# Experiments with Network Expert LLM


##We will use torchtune library to finetune LLama 3.2 1 billion parameter model.

### We do the following steps:

1. Perform unsupervised pretraining using QlORA on the wireless standards book.
https://pytorch.org/torchtune/stable/tutorials/qlora_finetune.html

2. Due to unsupervised pretraining the model loses the ability to converse with the humans. So we need to do Instruction finetuning after this.
    Instruction finetuning allows trains the llm to follow the instructions provided  and generate answers in the desired format. Otherwise after step 1 we just geta sentence completion model.
3. Once step 1 and 2 are done, we evaluate the LLM on a set of MCQ questions

### Mount your google drive, it will contain the required folders

In [5]:
from google.colab import drive
drive.mount('/content/drive')

Drive already mounted at /content/drive; to attempt to forcibly remount, call drive.mount("/content/drive", force_remount=True).

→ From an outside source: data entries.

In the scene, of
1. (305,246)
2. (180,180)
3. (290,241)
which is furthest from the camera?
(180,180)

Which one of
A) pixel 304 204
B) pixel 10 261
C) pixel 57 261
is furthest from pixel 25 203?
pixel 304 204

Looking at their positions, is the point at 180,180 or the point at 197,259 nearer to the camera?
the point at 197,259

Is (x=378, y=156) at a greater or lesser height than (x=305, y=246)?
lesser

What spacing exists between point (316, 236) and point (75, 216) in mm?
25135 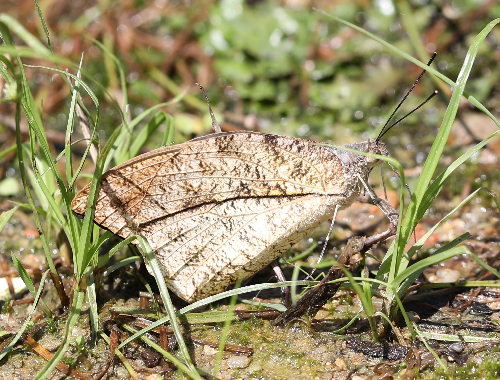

## Copy the contents of the folder to your current workspace.

In [3]:
!scp -r /content/drive/MyDrive/LLM-NetworkExpert/networkLLM/* /content/

# Install Dependencies

In [4]:
!pip install torch torchvision torchao
!pip install torchtune

Collecting torchao
  Downloading torchao-0.6.1-cp310-cp310-manylinux_2_17_x86_64.manylinux2014_x86_64.whl.metadata (13 kB)
Downloading torchao-0.6.1-cp310-cp310-manylinux_2_17_x86_64.manylinux2014_x86_64.whl (2.2 MB)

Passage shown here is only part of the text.